In March, the City Council approved a project to hire an engineering firm to study Central’s drainage network and formulate a Comprehensive Plan for the maintenance and improvement of drainage. However, six months later, the project remains just a promise, having never been put out for bids.
Regular readers of this column know that I like to present issues in different and sometimes off-beat ways, just to make them interesting, but this is as straightforward as I can be. I am reading stories almost daily from flood-devastated Houston and still-recovering Louisiana, pointing out the concerns that over-development may have worsened, and in some cases caused, flooding to homes. I have also heard from many citizens who share these concerns, and since last year are understandably anxious every time rain is forecast.

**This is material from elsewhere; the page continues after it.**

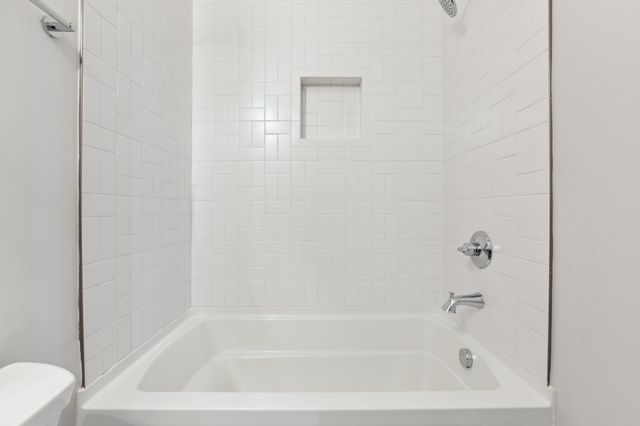 107 E 9th St Apt C-5, Columbia, TN 38401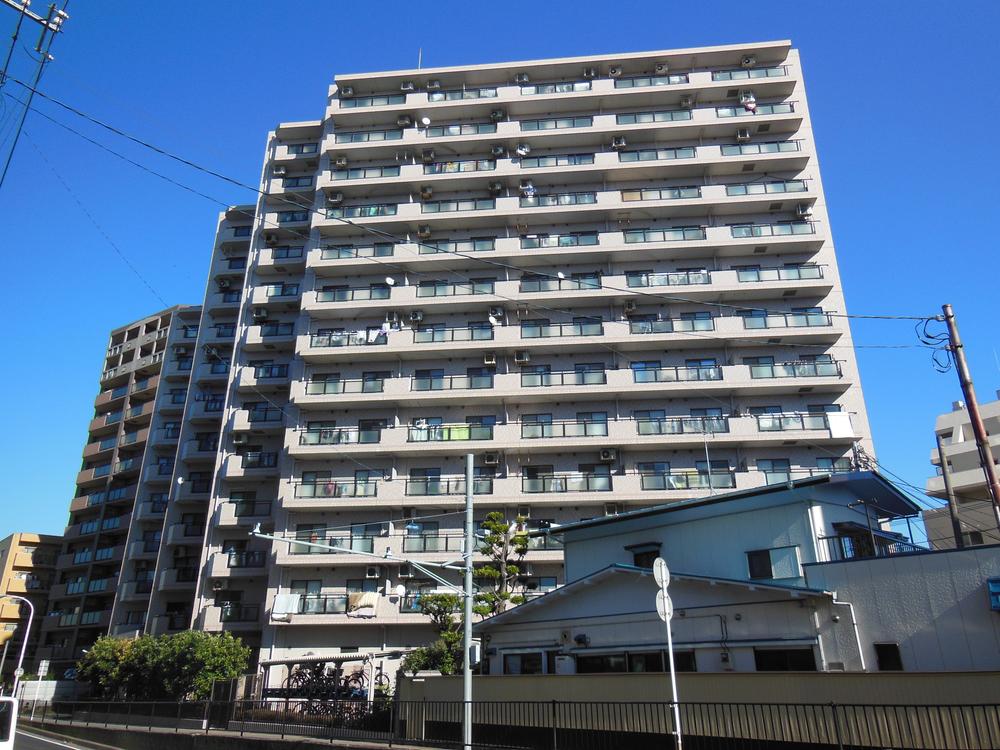 Local appearance photo. Local (11 May 2013) Shooting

The City of Central needs to stop approving development that is contrary to our Master Plan, stop trying to “update” that Master Plan with the presumed intent to push more development, and stop using the “If you’re not growing you’re dying” panic cry to justify development.
Without a demonstrated, compelling need, this type of “cart-pushing” needs to stop until the promised Comprehensive Drainage Plan is completed (which means it will need to be started) and these decisions can be made based on the best available information. That’s the way I see it.